Le problème avec l’anxiété sociale, c’est que tu sais à quel point c’est stupidement injustifié de réagir ainsi, mais tu ne peux pas t’en empêcher. Tu le sais, dans le fond, que c’était rien, que c’était pas de toi que les filles sur le banc riaient, mais tu capotes quand même. Mais l’anxiété sociale, c’est ça: le moindre petit incident, aussi anodin puisse-t-il être, a des répercussions énormes, car tes pensées te font croire que justement, c’est de toi qu’ils rient ou peu importe. Ça occupe toutes tes pensées et ça peut même te faire paniquer. Ça s’engouffre dans tes entrailles, ton esprit et partout dans ton corps et tu ne peux t’en échapper. Tu le sais que c’est ridicule, tu détestes chaque moment passé dans cet état, mais c’est plus fort que toi. Et le fait que plusieurs personnes ne comprennent ou ne savent même pas ce que c’est rend les choses tellement plus dures…
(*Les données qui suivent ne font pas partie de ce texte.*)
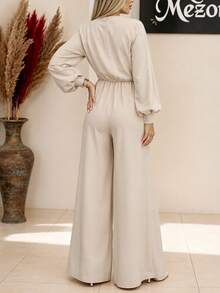 Jumpsuit Kasual Minimalis Lengan Panjang Warna Polos Leher V Elegan untuk Wanita Musim Semi/Gugur - Aprikot - View 2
Une chose que l’on doit retenir du roman d’Hemingway, c’est ceci: “un homme ne doit jamais s’avouer vaincu”. Un homme, une femme, un vieillard comme un jeune ne doit jamais abandonner. Le regard des autres, la solitude même, peuvent faire tellement de ravages chez une personne, mais “un homme, ça peut être détruit, mais pas vaincu.” Je trouve ce message rempli d’espoir et tellement beau. Mon manque de confiance en moi me détruisait de l’intérieur; je croyais tout simplement jamais pouvoir m’aimer et faire des choses normales comme tout autre être normal. Je me repliais sur moi-même et mon Dieu que je me sentais seule. Ça n’a pas aidé à ma cause, finalement. Mais si je devais recommencer, ou du moins, écrire une lettre à la petite Maude de 13 ans, je lui dirais de ne pas s’en faire avec ça. Je lui dirais que le reflet dans le miroir est magnifique et qu’elle devrait apprendre à s’aimer et ne pas changer pour plaire aux autres. De toute façon, on ne peut jamais plaire à tout le monde et c’est normal! Je lui dirais aussi que son mal intérieur va bien finir par s’apaiser. Oui, ça va prendre 5 ans mais quand même: quand elle n’aura plus mal, elle va enfin se sentir délivrée et elle va pouvoir commencer à se laisser aller, à faire ce qui lui chante et porter ce qui lui plaît. Et elle va aimer ça. Oui, c’est lors de sa deuxième année de Cégep qu’elle va y parvenir, mais elle va remercier le ciel du plus profond de son coeur. Elle va apprendre à se foutre des autres, et ça va enfin lui faire du bien. Elle va avoir passé par toute la solitude nécessaire pour apprendre à se connaître et ça va lui ouvrir les yeux (merci, monsieur Poisson pour ces paroles de sagesse qui lui auront aidé à voir les choses sous un tout autre angle). Ce jour-là, elle va être heureuse. Et en ce 16 mai 2017, c’est le cas: elle est heureuse et arrive à se foutre (presque) du regard des autres.